(RECORDS TO USE begins)

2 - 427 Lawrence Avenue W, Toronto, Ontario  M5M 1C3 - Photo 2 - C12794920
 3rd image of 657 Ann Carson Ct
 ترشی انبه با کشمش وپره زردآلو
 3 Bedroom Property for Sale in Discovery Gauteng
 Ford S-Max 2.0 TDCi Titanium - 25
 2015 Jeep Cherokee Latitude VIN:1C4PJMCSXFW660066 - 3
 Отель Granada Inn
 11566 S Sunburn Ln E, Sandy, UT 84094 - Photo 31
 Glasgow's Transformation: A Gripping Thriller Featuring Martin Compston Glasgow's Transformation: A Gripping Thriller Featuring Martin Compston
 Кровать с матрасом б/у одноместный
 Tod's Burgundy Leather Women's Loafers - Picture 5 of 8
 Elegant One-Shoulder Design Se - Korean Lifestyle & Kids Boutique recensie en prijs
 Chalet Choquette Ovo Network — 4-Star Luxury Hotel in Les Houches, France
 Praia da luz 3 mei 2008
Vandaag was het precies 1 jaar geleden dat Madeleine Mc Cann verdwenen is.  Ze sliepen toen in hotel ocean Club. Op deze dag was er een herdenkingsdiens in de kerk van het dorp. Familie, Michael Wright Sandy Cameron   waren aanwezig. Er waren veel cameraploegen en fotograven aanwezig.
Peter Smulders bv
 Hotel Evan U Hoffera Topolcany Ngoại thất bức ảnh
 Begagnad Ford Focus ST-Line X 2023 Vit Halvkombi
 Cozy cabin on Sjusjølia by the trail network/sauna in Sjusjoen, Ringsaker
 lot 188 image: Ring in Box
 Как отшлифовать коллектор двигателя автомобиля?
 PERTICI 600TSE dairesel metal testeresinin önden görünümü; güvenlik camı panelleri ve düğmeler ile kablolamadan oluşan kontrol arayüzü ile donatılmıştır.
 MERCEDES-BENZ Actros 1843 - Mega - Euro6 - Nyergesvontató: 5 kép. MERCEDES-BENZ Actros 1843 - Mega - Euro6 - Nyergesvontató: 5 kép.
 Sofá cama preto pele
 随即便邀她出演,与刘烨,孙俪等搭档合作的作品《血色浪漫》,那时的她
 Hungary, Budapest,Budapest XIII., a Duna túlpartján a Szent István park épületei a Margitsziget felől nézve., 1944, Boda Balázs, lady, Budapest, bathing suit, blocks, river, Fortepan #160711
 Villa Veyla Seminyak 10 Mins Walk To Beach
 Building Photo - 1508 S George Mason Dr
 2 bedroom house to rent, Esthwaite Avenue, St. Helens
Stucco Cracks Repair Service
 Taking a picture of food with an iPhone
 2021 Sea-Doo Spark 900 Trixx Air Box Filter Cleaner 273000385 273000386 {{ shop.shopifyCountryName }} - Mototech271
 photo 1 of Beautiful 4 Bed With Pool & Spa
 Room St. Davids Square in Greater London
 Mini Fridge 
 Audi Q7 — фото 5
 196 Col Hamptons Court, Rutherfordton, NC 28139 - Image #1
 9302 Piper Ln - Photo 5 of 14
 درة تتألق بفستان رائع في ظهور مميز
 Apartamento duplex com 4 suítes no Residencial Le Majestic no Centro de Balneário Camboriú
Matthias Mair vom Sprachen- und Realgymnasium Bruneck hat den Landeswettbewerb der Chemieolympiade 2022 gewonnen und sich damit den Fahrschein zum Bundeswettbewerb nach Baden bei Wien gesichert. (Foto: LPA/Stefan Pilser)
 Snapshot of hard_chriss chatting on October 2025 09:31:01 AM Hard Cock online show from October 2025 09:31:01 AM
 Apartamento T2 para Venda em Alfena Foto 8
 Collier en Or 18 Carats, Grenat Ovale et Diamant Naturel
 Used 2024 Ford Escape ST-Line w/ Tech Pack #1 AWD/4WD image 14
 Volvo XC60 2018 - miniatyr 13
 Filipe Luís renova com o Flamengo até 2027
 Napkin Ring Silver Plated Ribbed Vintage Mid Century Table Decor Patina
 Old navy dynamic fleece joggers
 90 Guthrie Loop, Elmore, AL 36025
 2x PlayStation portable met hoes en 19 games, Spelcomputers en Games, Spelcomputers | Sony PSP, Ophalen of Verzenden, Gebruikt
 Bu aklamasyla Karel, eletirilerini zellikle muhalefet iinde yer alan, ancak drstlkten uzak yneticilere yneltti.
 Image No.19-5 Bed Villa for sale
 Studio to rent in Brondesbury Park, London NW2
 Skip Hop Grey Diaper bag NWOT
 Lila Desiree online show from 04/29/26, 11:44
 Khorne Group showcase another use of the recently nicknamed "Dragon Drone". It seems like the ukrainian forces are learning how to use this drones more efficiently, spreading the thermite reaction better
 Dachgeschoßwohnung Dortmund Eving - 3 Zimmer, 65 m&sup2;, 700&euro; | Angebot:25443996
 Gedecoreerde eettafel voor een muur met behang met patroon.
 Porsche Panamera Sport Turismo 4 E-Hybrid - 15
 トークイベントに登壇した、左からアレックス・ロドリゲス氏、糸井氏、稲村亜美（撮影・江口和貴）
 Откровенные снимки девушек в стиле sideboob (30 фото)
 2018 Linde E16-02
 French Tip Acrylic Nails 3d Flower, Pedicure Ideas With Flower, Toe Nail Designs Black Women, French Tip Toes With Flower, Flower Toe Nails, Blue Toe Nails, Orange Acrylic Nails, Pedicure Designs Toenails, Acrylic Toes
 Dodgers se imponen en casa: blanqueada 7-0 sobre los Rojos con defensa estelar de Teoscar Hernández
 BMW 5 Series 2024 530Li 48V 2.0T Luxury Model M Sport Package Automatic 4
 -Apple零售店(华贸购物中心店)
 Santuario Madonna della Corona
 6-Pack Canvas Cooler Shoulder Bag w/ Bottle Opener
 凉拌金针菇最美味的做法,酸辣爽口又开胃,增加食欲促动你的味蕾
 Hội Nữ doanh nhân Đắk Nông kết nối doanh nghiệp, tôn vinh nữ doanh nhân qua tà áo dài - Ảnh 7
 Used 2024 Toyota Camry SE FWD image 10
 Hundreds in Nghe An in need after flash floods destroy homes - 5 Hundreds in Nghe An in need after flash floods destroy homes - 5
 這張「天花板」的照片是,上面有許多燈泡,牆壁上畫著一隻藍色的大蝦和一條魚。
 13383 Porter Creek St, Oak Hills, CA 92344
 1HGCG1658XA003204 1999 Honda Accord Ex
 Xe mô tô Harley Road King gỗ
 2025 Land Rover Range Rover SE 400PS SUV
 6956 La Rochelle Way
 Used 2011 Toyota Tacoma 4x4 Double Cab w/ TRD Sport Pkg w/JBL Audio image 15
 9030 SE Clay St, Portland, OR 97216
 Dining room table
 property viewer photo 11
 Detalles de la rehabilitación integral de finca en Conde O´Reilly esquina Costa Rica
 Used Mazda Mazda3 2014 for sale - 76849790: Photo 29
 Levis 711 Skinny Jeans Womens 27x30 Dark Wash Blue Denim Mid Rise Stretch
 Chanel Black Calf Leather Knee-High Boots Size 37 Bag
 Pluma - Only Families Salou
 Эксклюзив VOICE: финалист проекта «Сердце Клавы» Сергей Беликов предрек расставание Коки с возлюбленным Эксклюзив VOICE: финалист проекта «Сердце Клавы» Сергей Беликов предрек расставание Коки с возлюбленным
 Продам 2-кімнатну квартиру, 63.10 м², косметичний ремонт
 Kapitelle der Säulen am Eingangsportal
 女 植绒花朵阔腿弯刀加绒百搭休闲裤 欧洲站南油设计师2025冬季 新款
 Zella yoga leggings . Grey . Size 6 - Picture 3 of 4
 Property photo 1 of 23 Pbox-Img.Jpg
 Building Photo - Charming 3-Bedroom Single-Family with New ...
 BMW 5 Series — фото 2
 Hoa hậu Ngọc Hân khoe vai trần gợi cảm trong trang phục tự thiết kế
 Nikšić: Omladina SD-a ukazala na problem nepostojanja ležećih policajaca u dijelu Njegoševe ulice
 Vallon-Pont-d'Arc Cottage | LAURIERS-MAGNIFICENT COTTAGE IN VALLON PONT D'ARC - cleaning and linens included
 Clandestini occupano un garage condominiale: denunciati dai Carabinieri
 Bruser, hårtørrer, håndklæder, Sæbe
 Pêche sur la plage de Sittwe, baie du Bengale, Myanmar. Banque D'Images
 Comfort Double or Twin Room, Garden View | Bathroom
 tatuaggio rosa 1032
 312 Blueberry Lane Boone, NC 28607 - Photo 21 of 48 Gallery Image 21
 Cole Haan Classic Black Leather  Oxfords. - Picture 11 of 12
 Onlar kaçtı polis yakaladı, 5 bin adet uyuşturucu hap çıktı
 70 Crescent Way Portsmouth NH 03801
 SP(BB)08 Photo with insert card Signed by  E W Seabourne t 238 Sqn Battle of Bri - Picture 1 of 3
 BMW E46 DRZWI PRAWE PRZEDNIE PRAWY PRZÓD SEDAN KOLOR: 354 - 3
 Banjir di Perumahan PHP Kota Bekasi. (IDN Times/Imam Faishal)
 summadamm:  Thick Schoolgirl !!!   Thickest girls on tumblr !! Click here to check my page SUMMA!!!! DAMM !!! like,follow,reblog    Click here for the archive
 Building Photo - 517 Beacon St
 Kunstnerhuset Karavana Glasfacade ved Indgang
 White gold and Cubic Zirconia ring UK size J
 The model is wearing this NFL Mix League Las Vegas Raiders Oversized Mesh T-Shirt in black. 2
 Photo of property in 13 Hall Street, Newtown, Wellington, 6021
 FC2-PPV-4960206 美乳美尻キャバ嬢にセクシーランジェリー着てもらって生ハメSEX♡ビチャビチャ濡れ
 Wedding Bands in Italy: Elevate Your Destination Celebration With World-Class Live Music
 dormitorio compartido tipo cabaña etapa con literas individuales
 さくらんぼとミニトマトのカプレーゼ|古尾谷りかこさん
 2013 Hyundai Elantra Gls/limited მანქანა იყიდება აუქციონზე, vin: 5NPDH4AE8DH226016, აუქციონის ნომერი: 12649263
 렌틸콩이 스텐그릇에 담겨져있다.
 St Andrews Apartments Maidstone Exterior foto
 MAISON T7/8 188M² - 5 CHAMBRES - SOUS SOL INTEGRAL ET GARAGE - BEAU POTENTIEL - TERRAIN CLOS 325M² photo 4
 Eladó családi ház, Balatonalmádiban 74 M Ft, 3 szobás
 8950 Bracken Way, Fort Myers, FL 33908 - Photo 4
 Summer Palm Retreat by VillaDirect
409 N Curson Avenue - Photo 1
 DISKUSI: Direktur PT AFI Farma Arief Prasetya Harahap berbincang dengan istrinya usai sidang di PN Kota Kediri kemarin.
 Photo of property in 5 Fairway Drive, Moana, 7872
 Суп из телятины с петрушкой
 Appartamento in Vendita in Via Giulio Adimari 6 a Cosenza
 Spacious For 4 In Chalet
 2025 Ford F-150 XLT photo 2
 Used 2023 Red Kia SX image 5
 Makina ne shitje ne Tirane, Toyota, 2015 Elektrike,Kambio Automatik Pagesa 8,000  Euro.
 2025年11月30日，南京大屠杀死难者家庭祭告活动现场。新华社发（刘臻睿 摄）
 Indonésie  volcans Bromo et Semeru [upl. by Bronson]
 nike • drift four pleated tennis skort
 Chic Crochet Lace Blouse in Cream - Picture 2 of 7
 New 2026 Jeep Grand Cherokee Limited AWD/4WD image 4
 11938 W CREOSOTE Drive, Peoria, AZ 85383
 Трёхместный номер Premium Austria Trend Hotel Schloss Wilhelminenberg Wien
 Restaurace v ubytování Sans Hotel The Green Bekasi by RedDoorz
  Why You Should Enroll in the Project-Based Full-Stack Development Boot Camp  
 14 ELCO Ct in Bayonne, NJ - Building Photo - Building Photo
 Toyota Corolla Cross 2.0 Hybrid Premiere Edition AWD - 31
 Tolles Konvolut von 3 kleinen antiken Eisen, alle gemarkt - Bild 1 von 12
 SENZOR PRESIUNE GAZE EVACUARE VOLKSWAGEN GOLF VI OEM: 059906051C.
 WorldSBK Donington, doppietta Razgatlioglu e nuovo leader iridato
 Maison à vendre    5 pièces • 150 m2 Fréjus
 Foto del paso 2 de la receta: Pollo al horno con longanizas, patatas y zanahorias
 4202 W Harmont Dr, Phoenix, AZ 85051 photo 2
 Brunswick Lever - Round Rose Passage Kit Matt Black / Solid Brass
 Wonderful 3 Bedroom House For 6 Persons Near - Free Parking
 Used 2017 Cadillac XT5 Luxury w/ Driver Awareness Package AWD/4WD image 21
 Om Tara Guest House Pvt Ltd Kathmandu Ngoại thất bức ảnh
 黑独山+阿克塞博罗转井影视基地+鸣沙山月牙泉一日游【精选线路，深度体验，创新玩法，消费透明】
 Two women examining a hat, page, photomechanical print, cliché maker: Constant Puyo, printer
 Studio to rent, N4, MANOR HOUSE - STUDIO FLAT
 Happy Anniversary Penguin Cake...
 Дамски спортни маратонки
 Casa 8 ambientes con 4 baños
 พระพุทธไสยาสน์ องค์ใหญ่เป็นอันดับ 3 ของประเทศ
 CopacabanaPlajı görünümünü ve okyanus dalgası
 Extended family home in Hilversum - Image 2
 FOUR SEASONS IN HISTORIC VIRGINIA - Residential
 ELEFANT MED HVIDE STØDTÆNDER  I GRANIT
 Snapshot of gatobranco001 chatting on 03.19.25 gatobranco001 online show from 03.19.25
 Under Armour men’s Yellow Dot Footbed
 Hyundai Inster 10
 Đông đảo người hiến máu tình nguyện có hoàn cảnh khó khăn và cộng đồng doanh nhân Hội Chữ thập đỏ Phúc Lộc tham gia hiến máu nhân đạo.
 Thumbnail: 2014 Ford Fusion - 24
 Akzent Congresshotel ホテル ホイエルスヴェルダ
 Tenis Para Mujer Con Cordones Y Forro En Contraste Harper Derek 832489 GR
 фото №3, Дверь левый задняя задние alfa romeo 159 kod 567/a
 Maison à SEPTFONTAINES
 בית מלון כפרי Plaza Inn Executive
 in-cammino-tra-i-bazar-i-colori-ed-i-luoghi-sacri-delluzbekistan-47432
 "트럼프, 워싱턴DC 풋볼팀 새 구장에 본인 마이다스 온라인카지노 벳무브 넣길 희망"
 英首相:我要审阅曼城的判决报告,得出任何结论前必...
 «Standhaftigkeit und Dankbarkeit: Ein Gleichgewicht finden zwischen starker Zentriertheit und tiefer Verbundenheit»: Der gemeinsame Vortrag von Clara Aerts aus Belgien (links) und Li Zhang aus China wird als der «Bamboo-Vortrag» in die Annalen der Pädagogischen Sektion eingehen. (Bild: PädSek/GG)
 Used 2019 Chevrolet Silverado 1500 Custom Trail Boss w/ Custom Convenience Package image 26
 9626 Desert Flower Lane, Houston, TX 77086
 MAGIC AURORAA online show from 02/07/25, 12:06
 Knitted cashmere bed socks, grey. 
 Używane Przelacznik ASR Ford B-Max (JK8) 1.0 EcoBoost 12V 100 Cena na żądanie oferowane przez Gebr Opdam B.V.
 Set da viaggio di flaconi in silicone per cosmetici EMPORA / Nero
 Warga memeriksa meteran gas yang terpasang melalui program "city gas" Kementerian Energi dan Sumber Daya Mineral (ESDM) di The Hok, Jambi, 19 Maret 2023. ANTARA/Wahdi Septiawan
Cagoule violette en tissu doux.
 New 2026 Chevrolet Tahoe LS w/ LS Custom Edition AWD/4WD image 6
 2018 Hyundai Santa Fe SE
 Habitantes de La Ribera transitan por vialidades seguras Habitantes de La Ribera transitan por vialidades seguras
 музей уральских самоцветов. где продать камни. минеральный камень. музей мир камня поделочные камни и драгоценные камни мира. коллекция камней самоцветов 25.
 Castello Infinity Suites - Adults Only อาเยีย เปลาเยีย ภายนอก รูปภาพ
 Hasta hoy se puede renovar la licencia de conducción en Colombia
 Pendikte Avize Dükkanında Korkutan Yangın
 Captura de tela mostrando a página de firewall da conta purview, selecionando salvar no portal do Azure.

(RECORDS TO USE ends)

**PROBLEM STATEMENT:** In the listing above, find the line with "2018 Linde E16-02" and the line with "13383 Porter Creek St, Oak Hills, CA 92344". Output those two lines and every line between them, exactly as written.

**SOLUTION TO THIS PROBLEM:**
 2018 Linde E16-02
 French Tip Acrylic Nails 3d Flower, Pedicure Ideas With Flower, Toe Nail Designs Black Women, French Tip Toes With Flower, Flower Toe Nails, Blue Toe Nails, Orange Acrylic Nails, Pedicure Designs Toenails, Acrylic Toes
 Dodgers se imponen en casa: blanqueada 7-0 sobre los Rojos con defensa estelar de Teoscar Hernández
 BMW 5 Series 2024 530Li 48V 2.0T Luxury Model M Sport Package Automatic 4
 -Apple零售店(华贸购物中心店)
 Santuario Madonna della Corona
 6-Pack Canvas Cooler Shoulder Bag w/ Bottle Opener
 凉拌金针菇最美味的做法,酸辣爽口又开胃,增加食欲促动你的味蕾
 Hội Nữ doanh nhân Đắk Nông kết nối doanh nghiệp, tôn vinh nữ doanh nhân qua tà áo dài - Ảnh 7
 Used 2024 Toyota Camry SE FWD image 10
 Hundreds in Nghe An in need after flash floods destroy homes - 5 Hundreds in Nghe An in need after flash floods destroy homes - 5
 這張「天花板」的照片是,上面有許多燈泡,牆壁上畫著一隻藍色的大蝦和一條魚。
 13383 Porter Creek St, Oak Hills, CA 92344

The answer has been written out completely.